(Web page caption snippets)

++++

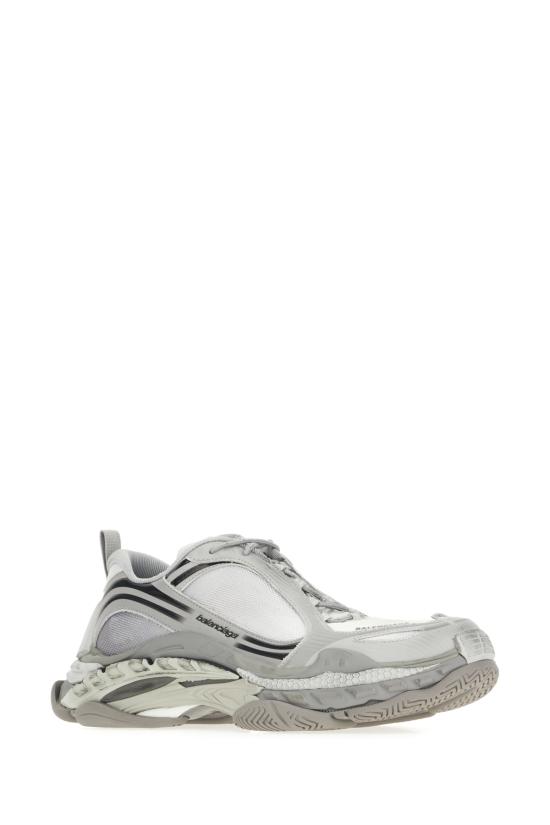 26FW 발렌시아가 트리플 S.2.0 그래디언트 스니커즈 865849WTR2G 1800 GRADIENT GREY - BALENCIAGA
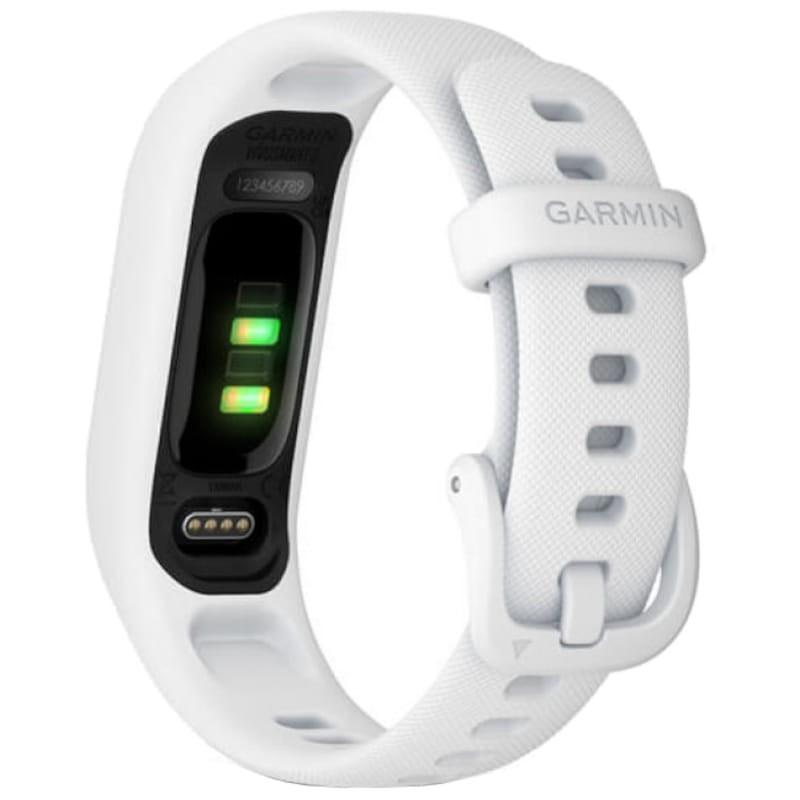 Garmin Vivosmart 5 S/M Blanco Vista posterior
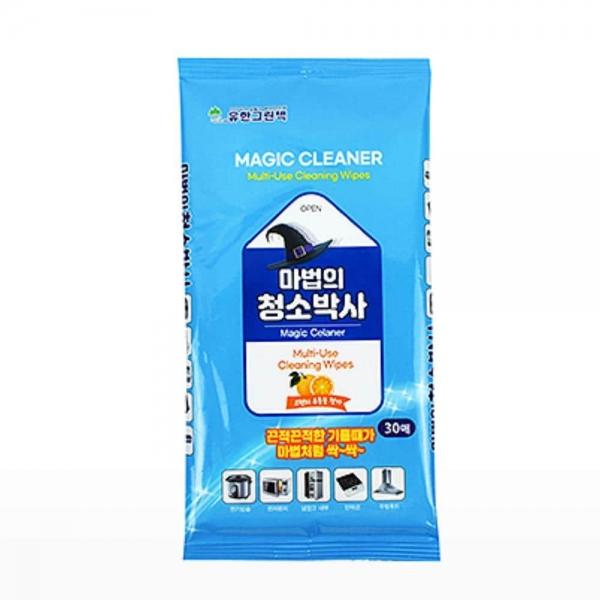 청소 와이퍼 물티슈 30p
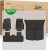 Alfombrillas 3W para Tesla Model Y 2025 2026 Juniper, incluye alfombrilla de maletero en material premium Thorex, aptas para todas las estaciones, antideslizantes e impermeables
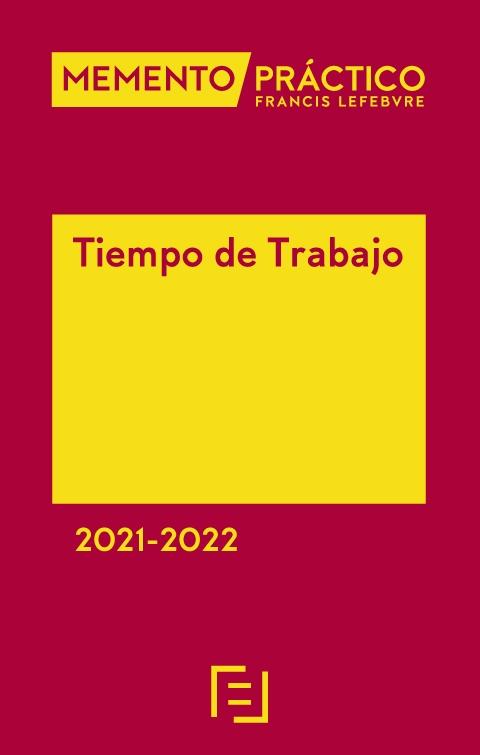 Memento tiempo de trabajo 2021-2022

++++

## Task prompt
Write out exactly the lines between the start of the data and the line with "청소 와이퍼 물티슈 30p", including both, but none of the pictures.

## Expected answer
 26FW 발렌시아가 트리플 S.2.0 그래디언트 스니커즈 865849WTR2G 1800 GRADIENT GREY - BALENCIAGA
 Garmin Vivosmart 5 S/M Blanco Vista posterior
 청소 와이퍼 물티슈 30p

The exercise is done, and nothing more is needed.